This post was originally published on Distributed Python on September 14th, 2018.
Concurrency is often misunderstood and mistaken for parallelism. However, concurrency and parallelism are not the same thing. But why should you care? All you want is to make your Python application fast and responsive. Which you can achieve by distributing it across many CPUs. What difference does it make whether you call it concurrency or parallelism?
Why should you care?
Turns out, a lot actually. What happens is that you want to make your application fast, so you run it on more processors and… it gets slower. And you think: this is broken, this doesn’t make any sense. But what is broken is the understanding of concurrency and parallelism. That’s why in this blog post I’ll explain the difference between concurrency and parallelism and what’s in it for you.
Parallelism is the simultaneous execution of multiple things. These things are possibly related, possibly not. Parallelism is about doing a lot of things at once. Is is the act of running multiple computations simultaneously. Parallel computing can be of different types: bit-level, instruction-level, data and task parallelism. But it is entirely about execution.
Concurrency is the ability to deal with a lot of things at once. It is about the_composition_ of independently executing things. Concurrency is a way to structure a program by breaking it into pieces that can be executed independently. This involves structuring but also coordinating thiese pieces, which is communication. Concurrency is the act of managing and running multiple computations at the same time.
For example, an operating system has multiple I/O devices: a keyboard driver, a mouse driver, a network driver and a screen driver. All these devices are managed by the operationg system as independent things. They are concurrent things. But they are not necessarily parallel. In fact, it does not matter. If you only have one processor, only one process can only ever run at a time.
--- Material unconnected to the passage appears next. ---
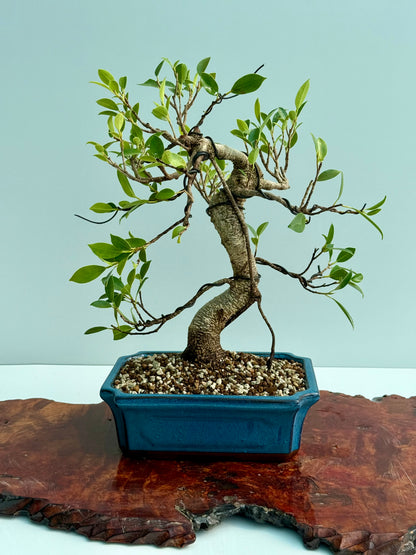 Ficus Retusa Indoor Bonsai Tree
So, this is a concurrent model, but it is not necessarily parallel. It does not need to be parallel, but it is very benefical for it to be concurrent.
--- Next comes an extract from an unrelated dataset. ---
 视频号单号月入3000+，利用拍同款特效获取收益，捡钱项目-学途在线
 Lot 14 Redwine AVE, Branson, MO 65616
Concurrency is a way to structure things so that you can (maybe) run these things in parallel to do a better or faster job. But parallelism is not the goal of concurrency, the goal of concurrency is a good structure. A structure that allows you to scale.
Concurrency and parallelism with Celery and Dask
An example where concurrency matters is one of my consulting projects. A hedge fund needed to fetch (a lot of) market data from an external data vendor (Bloomberg). This process would run once a day and write the data to an internal database. We broke the process down into small pieces: request the data from the Bloomberg webservice, poll the webservice at regular intervals to establish whether the data is ready for collection, collect the data, transform the data, write the data into the database. We defined the tasks in such a way that each of them can be executed independently. Which means they can run concurrently. And in order to run the entire process faster, we made it parallel by scaling up the number of workers (we used Celery). But this could not have happened without concurrency.
An example where parallel computation matters – and concurrency not – is when dealing with large Pandas datasets in a Jupyter notebook. If your datasets are so large that they do not fit into your computer’s memory, you can solve that problem by parallelising the dataset across a cluster of machines. In this case, you want data parallelism. Concurrency does not matter. And this is a textbook example for Dask.